Nov. 2 was a victory for Latinos.
In several key contests, including those in California, Nevada and Colorado, the Latino vote was decisive for Democrats.
And Republicans have themselves to blame for this. Many Republican candidates ran terrible ads against Latino immigrants.
Those ads were effective, all right.
Coupled with the new anti-immigrant law in Arizona and Republicans efforts to duplicate it in several states, the ads drove Latinos to the polls — but to vote for Democrats.
Immigration is not the top issue for Latinos. The economy and jobs still top our concerns, especially with an unemployment rate at 12.6 percent for Latinos, as compared with 9.6 percent for the population overall.

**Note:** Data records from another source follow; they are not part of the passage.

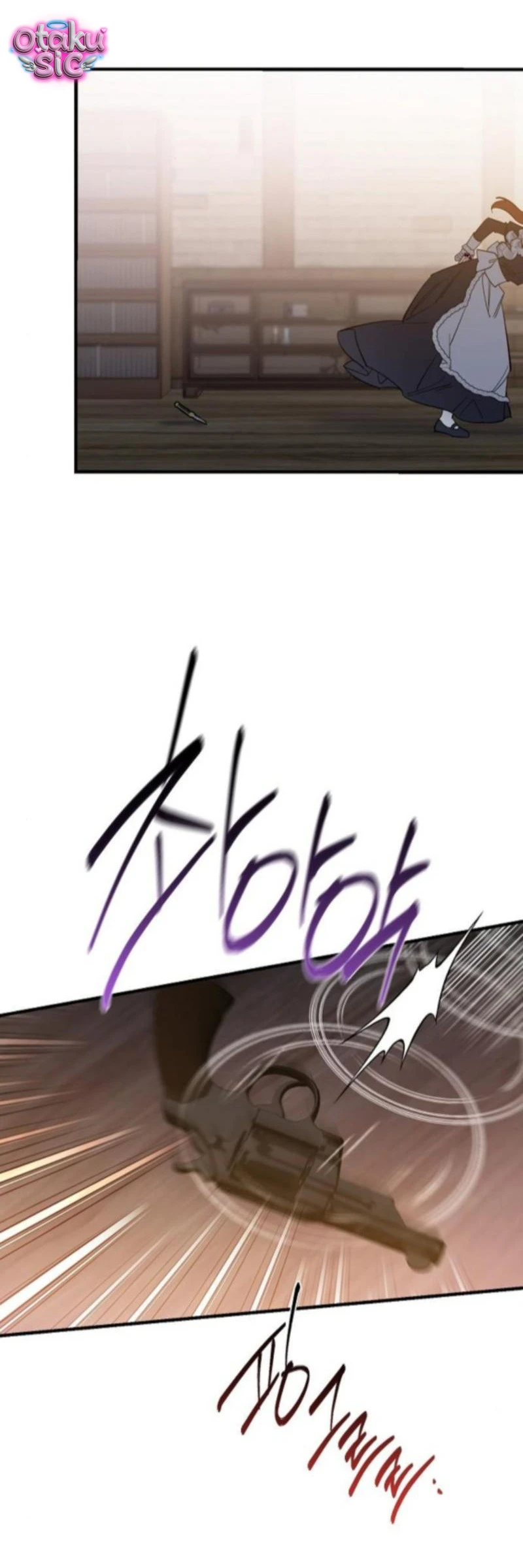 Nữ Hầu Báo Thù: Thời Khắc Cuối Cùng - Chap 43 - Trang 32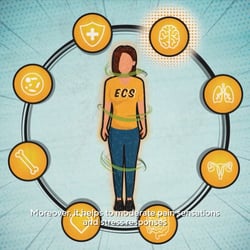 Endocannabinoid System Frontier Pharmaceutical That Works Media 05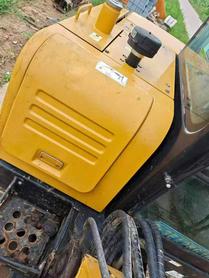 Buy Sany 55C-9 Used Excavator / 6 Buy Sany 55C-9 Used Excavator / 6
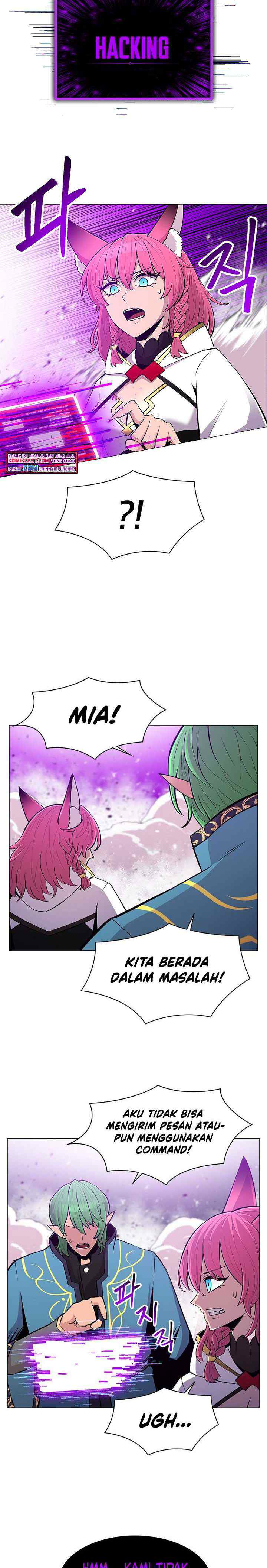 Updater chapter 76 halaman 10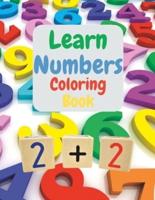 Learn Numbers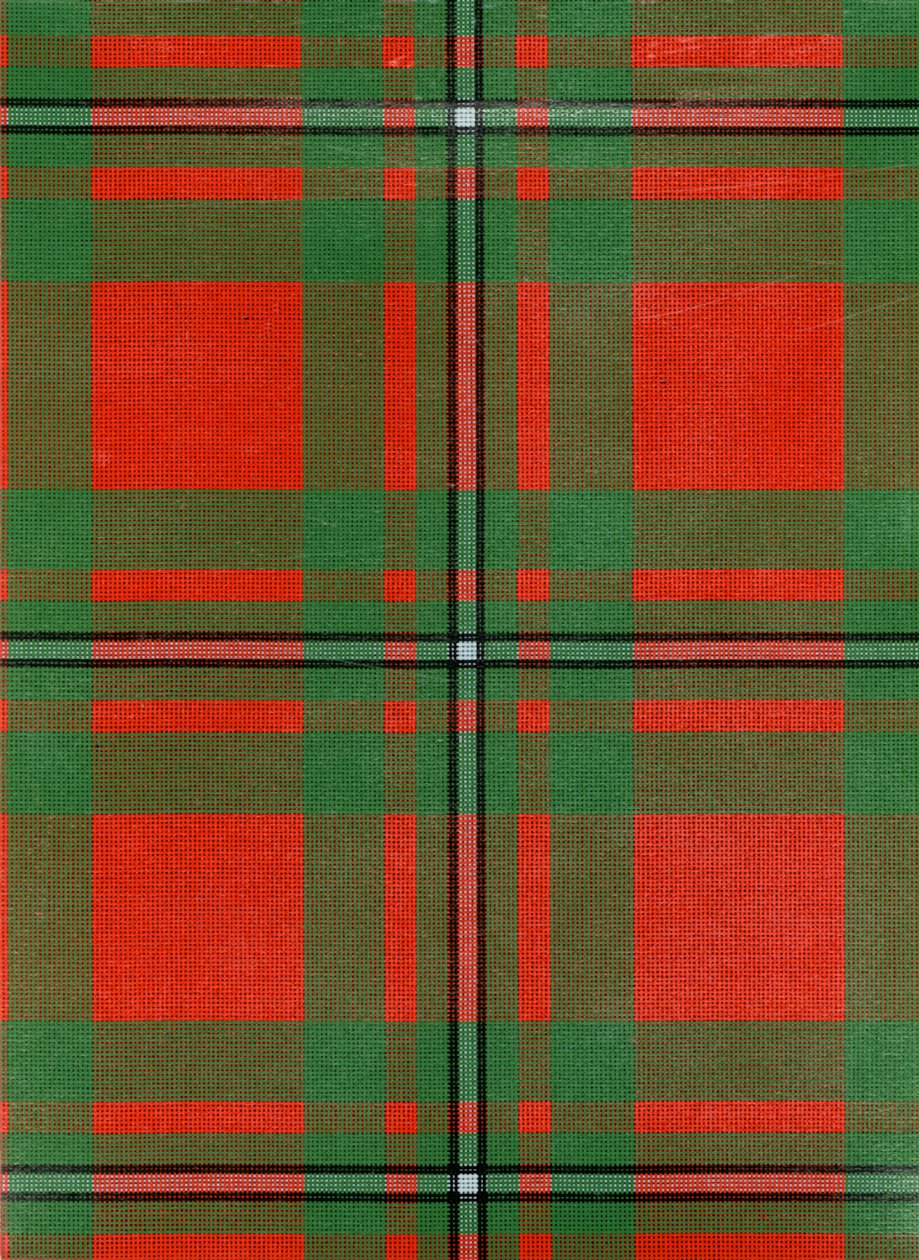 MacGregor, vers 1935 - Unbekannt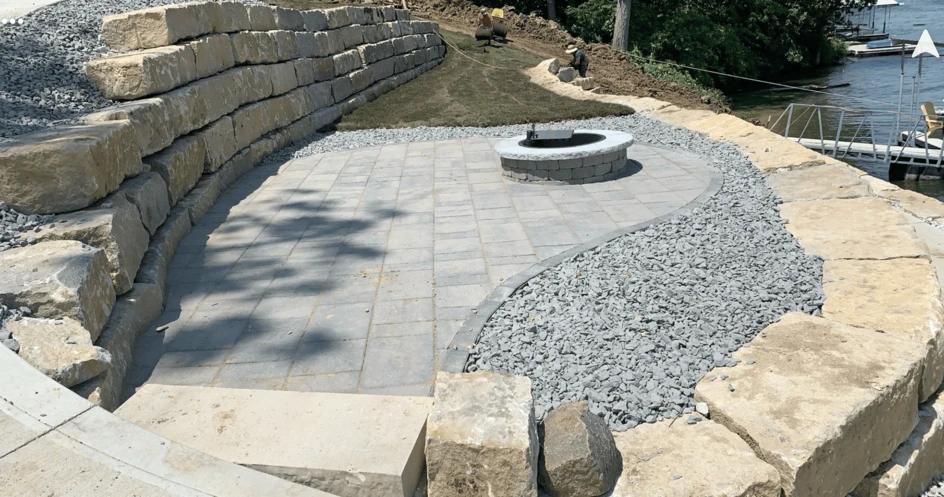Hardscaping & Patios thumbnail 13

But, according to exit polls, immigration was the second most important issue for the majority of Latino voters, especially those who felt compelled to come out to vote in overwhelming numbers to repudiate the misguided tactics of many Republicans.
This was especially gratifying since there was even an attempt by a conservative Republican group to air ads telling Latino voters to stay home and not vote. The great news is that it backfired.
Latinos made their voices heard, and several high-profile Democrats owe their victories in no small measure to Latino voters (Estas escuchando Harry Reid?).
The question is, will Republicans learn their lesson and comprehend that discrediting the great contributions of Latinos in this country does not work? Republicans with presidential aspirations should recognize that they must talk in a much more productive and respectful way to the Latino community. No Republican is likely to win the presidency without at least 45 percent of the Latino vote, and right now, Republicans are barely breaking the mid-twenties.
Democrats, meanwhile, will have to continue putting points on the board on the issues that Latinos care about.
They did so with health care reform, giving 9 million Latinos health care coverage that they didn’t have before.
They did so by expanding Pell grants, giving hundreds of thousands of Latino students a chance to apply for a grant to go to college.
They did so by passing sixteen tax cuts that will help small businesses, since so many Latinos are entrepreneurs.
And, yes, they must do so on immigration.
Senate Majority Leader Harry Reid has already promised he will bring up the DREAM Act during the lame duck session. This bill would give children of undocumented immigrants a chance at higher education and a path to citizenship.
If Democrats keep delivering, Latinos will reward them.
If Republicans keep obstructing and scapegoating, Latinos will punish them.
That’s one of the lessons of the elections.